Final Reflection

At the end of the semester, you’ll compose a short reflection over the work you’ve done this semester.

Requirements

  • Look back over the work you’ve done for this course: study your notes, slides, and feedback from your Apodeixis presentation, reread all of your Erga and their feedback, consider your contributions in class, and refresh your memory of the texts you’ve read.
  • Write a 400-600 word reflection considering some (NOT all) of the prompts listed below.
  • Post your reflection to the course webpage before 5:00pm eastern on Friday, December 22nd.
    • Set up your post just as you would an ergon post, but set the category to “Reflection” and the title as “{your name}’s Final Reflection.”

Reflection Prompts

  • What themes have most interested you in our work this semester? We’ve focused on topics like travel narratives, authorial voice, storytelling, genres of prose (including historiography, ethnography, and science fiction), humor, marginalization, truth. To put this question another way: what did you get out of reading Herodotus and Lucian together in Greek?
  • What did you learn by doing your own Apodeixis presentation?
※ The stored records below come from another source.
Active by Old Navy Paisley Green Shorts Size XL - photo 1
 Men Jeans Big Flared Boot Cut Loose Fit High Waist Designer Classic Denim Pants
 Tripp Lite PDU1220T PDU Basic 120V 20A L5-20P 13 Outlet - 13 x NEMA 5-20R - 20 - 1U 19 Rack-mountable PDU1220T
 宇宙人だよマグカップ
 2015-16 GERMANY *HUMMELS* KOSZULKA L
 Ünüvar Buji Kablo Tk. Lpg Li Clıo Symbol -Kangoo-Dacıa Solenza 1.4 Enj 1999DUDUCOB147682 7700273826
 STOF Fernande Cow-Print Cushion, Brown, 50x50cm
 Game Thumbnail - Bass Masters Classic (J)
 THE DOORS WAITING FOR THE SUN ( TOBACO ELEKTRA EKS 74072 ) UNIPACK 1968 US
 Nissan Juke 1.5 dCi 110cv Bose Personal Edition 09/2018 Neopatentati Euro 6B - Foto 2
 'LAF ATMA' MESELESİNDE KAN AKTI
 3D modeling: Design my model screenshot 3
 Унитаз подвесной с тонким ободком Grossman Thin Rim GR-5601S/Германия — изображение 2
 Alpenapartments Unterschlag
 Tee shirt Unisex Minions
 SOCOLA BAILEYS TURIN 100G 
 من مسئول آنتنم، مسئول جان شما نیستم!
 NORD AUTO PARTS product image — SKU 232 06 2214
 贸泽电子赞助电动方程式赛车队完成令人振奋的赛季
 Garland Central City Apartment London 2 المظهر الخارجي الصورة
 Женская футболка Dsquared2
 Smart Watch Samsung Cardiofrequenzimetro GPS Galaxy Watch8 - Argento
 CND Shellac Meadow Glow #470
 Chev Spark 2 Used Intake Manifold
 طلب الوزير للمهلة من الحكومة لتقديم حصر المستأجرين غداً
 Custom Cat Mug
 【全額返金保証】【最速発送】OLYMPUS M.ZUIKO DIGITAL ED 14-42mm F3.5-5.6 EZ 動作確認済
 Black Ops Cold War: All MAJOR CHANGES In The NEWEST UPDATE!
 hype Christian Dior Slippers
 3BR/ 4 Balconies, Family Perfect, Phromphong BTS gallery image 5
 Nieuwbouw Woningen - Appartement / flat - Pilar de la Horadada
What did you learn from other people’s presentations?
  • Is there an Ergon assignment you’re particularly proud of? Was there a theme, intentional or unintentional, that ran through multiple Erga you completed this semester?
  • What have you learned in this course that you’ll take with you into future academic work or your own life? What readings from the course will stick with you in the future? What questions has this course caused you to ask that you might not have asked before?
  • What surprised, disturbed, delighted, or disgusted you over the course of your readings this semester? What made you laugh? What other reactions were provoked?